José Bustamante Vismara
CEHIS - INHUS – Universidad Nacional de Mar del Plata / CONICET
En noviembre de 1783 en el Libro de Aprobaciones en donde se contienen los exámenes de los estudiantes
del Real Colegio de San Carlos se anota que Manuel Belgrano Pérez fue aprobado tras rendir un examen de Lógica (Belgrano & Instituto Belgraniano Central, 1981: 68). Tal es la primera referencia que encuentro alusiva a la educación formal de Belgrano. Cabe suponer que ingresó a dicho colegio luego de familiarizarse con las primeras letras y la doctrina cristiana en el ámbito doméstico o particular. Nada extraño hay en ello. Hacia 1800 la educación elemental estaba lejos de ser lo que se conocería con el correr del siglo XIX y XX. La mayor parte del proceso de transmisión de conocimientos intergeneracional pasaba fuera de las instituciones escolares. Y ello explica por qué recién con trece años Belgrano aparece en registros educativos formales.
Pero ya entonces había escuelas, maestros y alumnos. De hecho, el vocablo escuela pública
circulaba en ese contexto. Y aunque las experiencias educativas del temprano siglo XIX no fueron un punto neurálgico en las preocupaciones del período, hay elementos relevantes.

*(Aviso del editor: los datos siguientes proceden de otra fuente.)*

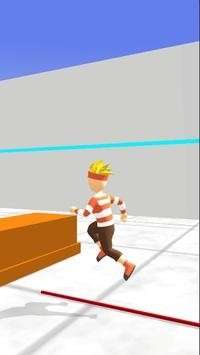 跑酷边缘3D图1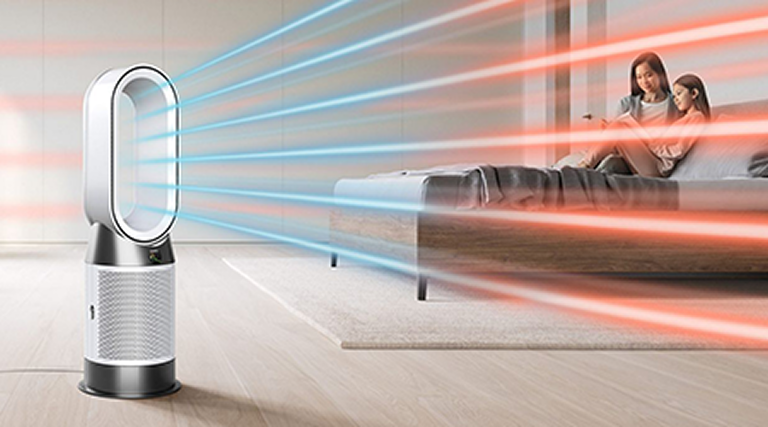 Климатический комплекс Dyson Purifier Hot+Cool Gen1 HP10 – фото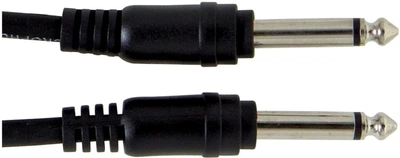 Патч-кабель GEWA Basic Line Mono Jack 6.3 mm/Mono Jack 6.3 мм 0.3 м (G-190305)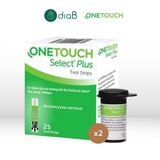  Que thử đường huyết - OneTouch Select Plus Simple 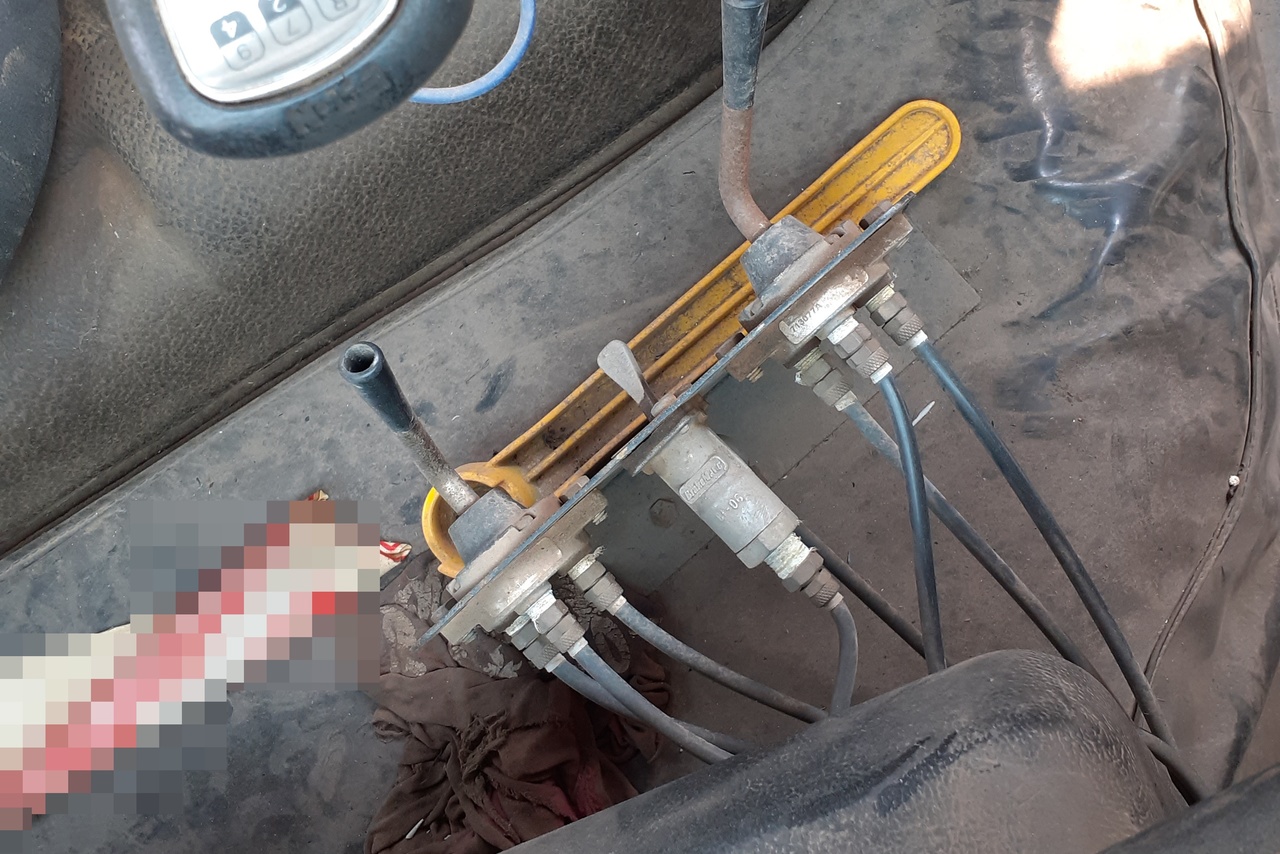 Ford Cargo2422 - 98/98 12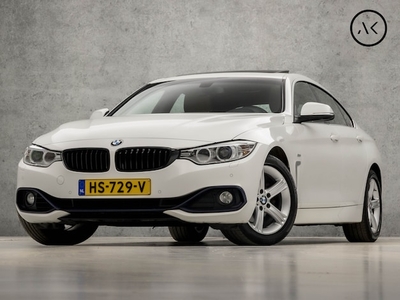 BMW 4-Serie Gran Coupe Benzine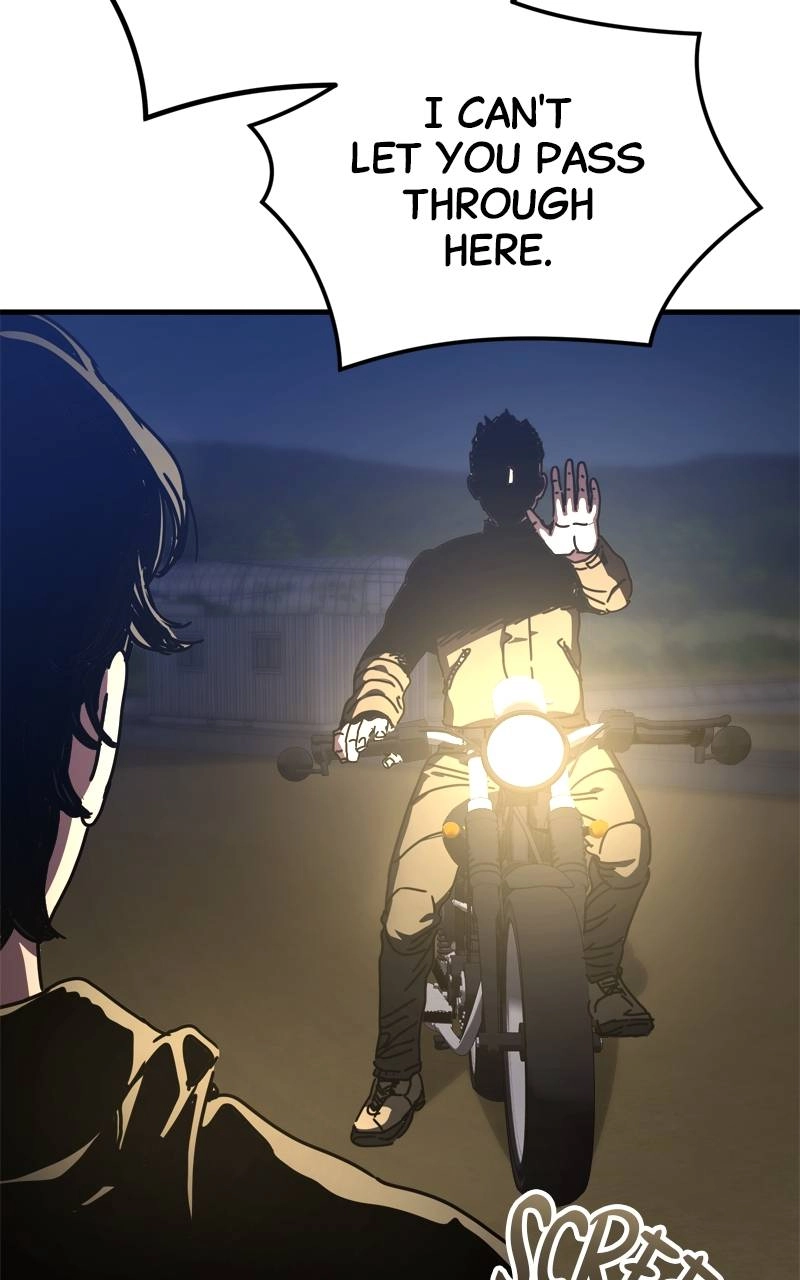 Hiding Out in an Apocalypse Chapter 18 Page 28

Reconocer estos procesos permite una distancia y un extrañamiento que puede contribuir a una mirada crítica. ¿Qué características tuvieron aquellas escuelas? ¿Cambiaron con el proceso revolucionario? ¿Qué sabemos de sus condiciones materiales?1
Escuelas del temprano siglo XIX
A fines del siglo XVIII en Buenos Aires hubo algunas escuelas de primeras letras ligadas al cabildo de la ciudad y al de la Villa del Luján. También corporaciones religiosas se abocaron al asunto, así como maestros particulares. Algunas de regular desarrollo estuvieron instaladas en el casco urbano, pero en general el horizonte institucional no ofreció rasgos estables y sobresalientes. En la zona aledaña a la ciudad, conocida como la campaña bonaerense, los establecimientos educativos fueron aún más irregulares.
Aludo aquí a instituciones para varones abocadas a la enseñanza de lectura, escritura, algo de aritmética y, sobre todo, catecismo. La instrucción religiosa tenía un lugar medular, y con ella, los sacerdotes un papel destacado. Sus roles en la evaluación de los maestros y en la administración de las actividades escolares fue muy significativo. Sin embargo no tuvieron un lugar relevante como maestros; aunque no faltaron curas que ejercieron la enseñanza, el mayor porcentaje de los preceptores fueron laicos.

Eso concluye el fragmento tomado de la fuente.